Quarter 2 GDP numbers were released today. Sharper slowdown at 4.5% in Q2. My take on the state of economy at this juncture.


Economic Slowdown Gets Deeper
CSO released second quarter GDP growth numbers today. GDP growth in real terms slipped to a decade low of 4.5%. GDP growth for the first half 2019-20 is now only 4.6%. Growth has slipped by 2.7% compared to the first half growth last year. India has rarely witnessed sub 5% quarterly growth ever since economic reforms were initiated in 1991 to make India a market economy. Leading indicators of October, including the core industries numbers released today, suggest that growth slowdown is likely to continue in the third Quarter as well. Several institutions expect India’s growth for 2019-20 to be below 5%. It looks most likely to be the case in the light of what is happening in the economy.
Technically India is not in a recession as defined in the context of advanced economies which grow at only 0-3% normally. For the emerging market leader economy of India, which has grown in excess of 7.5% per annum for 20 years, a full year growth of less than 5% of is more like a recession than a slowdown.
India has rightly declared its ambition to be a $5 trillion dollar economy by 2024-25 and a $10 trillion dollar economy by early 2030s. The goal of $5 trillion dollar economy by 2024-25 seems to have slipped by a year given this year’s tepid growth of less than 5%.
The number I pay most attention, in the growth context, is the proportion and growth of fixed capital formation in the economy. It represents investments. Investments drive not only growth but put incomes in the hands of factors of production in the year when the investment takes place. Capital formation also enhances capacity of the economy to produce goods and services for many years to come. Unfortunately, rates of gross fixed capital formation which was rising in last three years, while still being lower than the capital formation growth rates of earlier part of the twenty first century, (9.3% and 10% in last two years of 2017-19) slipped quite precipitously at .9%. This is the most tell-tell sign of fundamental causes of deepening slowdown.

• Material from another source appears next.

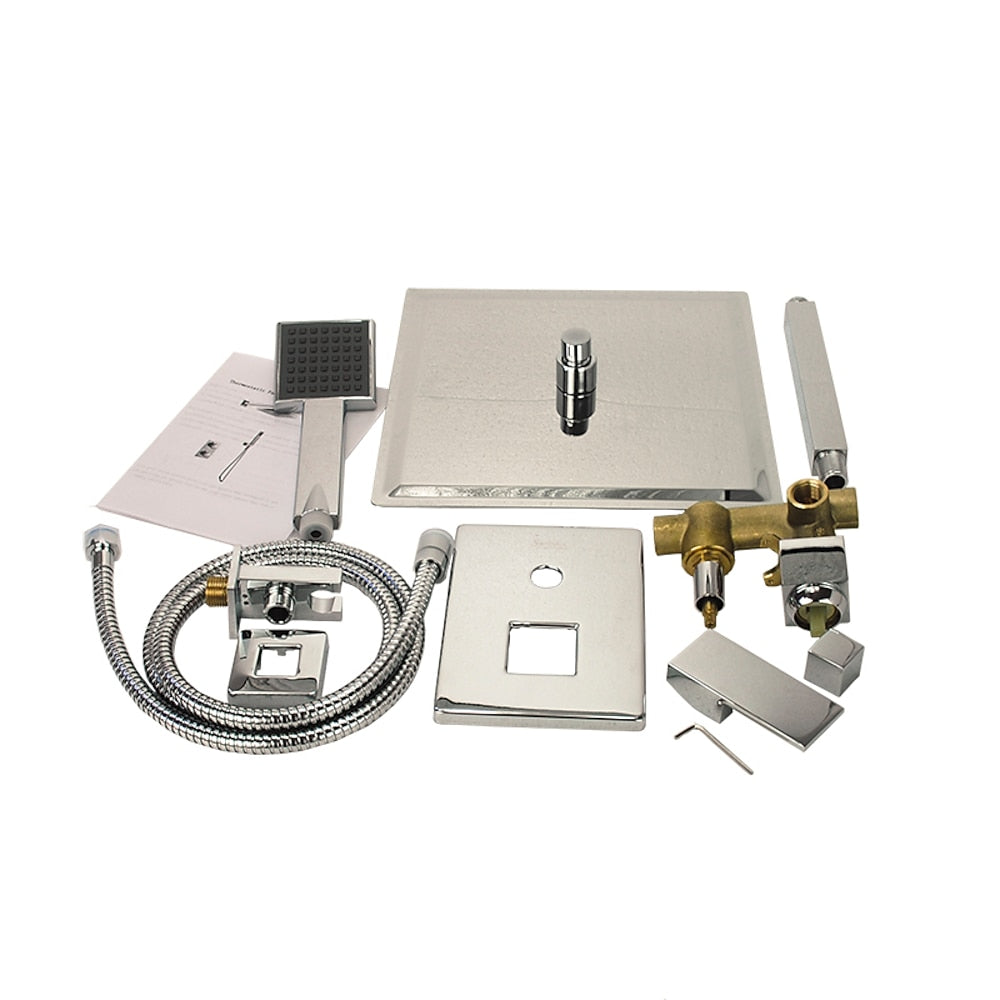 Chrome Ceiling-Mount Rainfall Shower System, Modern Complete Shower Faucet Set with Handheld Shower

Sector wise investment slowdown data is not made available as part of GDP Press Release. It is, however, quite evident that Real Estate (GVA in the construction sector at current prices has grown in Q2 at only 4.2% and for the financial services, real estate and professional services at only 6.1%). There appears to be a widespread stalling of investments in housing, especially the residential segment, roads and telecommunications where investment growth is simply collapsing. There is also tapering off and slowing down of investment in power and railways. I don’t see turn-around of investment cycle in residential real estate space unless there is a shake-up in the existing firms which have become over leveraged and insolvent as their cost of projects far exceed their expected revenues from sale of properties. Additionally, the fundamental business model of residential housing would need to be changed to be modelled on the lines of commercial real estate. In the power sector (October growth at negative 13%!), financial viability at the distribution and supply end will have to be structured, otherwise this is likely to drag generation and transmission into sickness very soon. The private sector thermal generation is gasping for life even now and renewables power generation has also now gone into slowdown.

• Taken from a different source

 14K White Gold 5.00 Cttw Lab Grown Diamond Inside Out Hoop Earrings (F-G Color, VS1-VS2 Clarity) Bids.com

Much has been made out of consumption slowdown. Consumption growth at 5.1% is still not good evidence of consumption story getting restarted or credit offtake taking place. There is continued distress in rural economy thanks to lower incomes of farm produce and lower wages on account of slowdown in construction. This has pulled down demand for durables materially and has also affected current consumption demand. So long as there would be overhang of excessive production of farm produce vis-à-vis domestic consumption demand and export, there would be pricing pressures lowering farm income despite higher announced minimum support prices (MSP). Rural distress rooted in farm prices might get relieved, ironically, if there is degrowth in farm production. Rural labour income will see leg up only when construction sector revives.
Global industrial production is rapidly acquiring the characteristic of agriculture goods production. With population stabilizing, a greater part of the population acquiring middle income status and over production capacity in many industrial goods, there is lesser profitability and wages growth in industrial goods production globally. Impact of this is not fully reflected in India, but there would be underlying tendency for Indian industry to be affected by these trends.
There is big underlying momentum in Indian economy. Population is still growing at a fast clip with youth population rising at a very high rate providing both labour supply and consumption demand growth. There is enormous infrastructure deficit to be made up which would require trillions of dollars of investments over next 10-15 years. Digital transformation of the economy is still to get initiated and mainstreamed. If we get our act right, we will be a $10 trillion economy by early 2030s.
The path to $5/10 trillion economy is to get the investment engine revved up, which will revive incomes of factors of production and which in turn will also help revive credit demand.